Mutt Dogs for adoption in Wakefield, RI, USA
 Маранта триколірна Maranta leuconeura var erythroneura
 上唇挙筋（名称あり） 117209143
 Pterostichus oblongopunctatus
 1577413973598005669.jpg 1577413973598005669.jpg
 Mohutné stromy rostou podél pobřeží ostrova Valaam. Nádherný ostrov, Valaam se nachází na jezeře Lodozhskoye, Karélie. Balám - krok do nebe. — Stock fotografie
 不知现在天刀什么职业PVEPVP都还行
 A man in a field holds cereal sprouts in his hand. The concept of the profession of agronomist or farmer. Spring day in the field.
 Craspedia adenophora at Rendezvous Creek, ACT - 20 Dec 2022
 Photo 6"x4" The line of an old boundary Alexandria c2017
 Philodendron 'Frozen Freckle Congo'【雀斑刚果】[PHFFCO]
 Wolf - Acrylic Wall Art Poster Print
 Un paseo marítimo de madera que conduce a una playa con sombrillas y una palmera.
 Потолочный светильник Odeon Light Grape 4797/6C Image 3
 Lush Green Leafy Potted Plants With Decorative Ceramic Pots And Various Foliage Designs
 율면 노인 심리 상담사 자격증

-=-=-

* **Task prompt**
Keep to the lines from the one containing "1577413973598005669.jpg 1577413973598005669.jpg" to the end of the entries above, and retype them exactly.

* **Answer area**
 1577413973598005669.jpg 1577413973598005669.jpg
 Mohutné stromy rostou podél pobřeží ostrova Valaam. Nádherný ostrov, Valaam se nachází na jezeře Lodozhskoye, Karélie. Balám - krok do nebe. — Stock fotografie
 不知现在天刀什么职业PVEPVP都还行
 A man in a field holds cereal sprouts in his hand. The concept of the profession of agronomist or farmer. Spring day in the field.
 Craspedia adenophora at Rendezvous Creek, ACT - 20 Dec 2022
 Photo 6"x4" The line of an old boundary Alexandria c2017
 Philodendron 'Frozen Freckle Congo'【雀斑刚果】[PHFFCO]
 Wolf - Acrylic Wall Art Poster Print
 Un paseo marítimo de madera que conduce a una playa con sombrillas y una palmera.
 Потолочный светильник Odeon Light Grape 4797/6C Image 3
 Lush Green Leafy Potted Plants With Decorative Ceramic Pots And Various Foliage Designs
 율면 노인 심리 상담사 자격증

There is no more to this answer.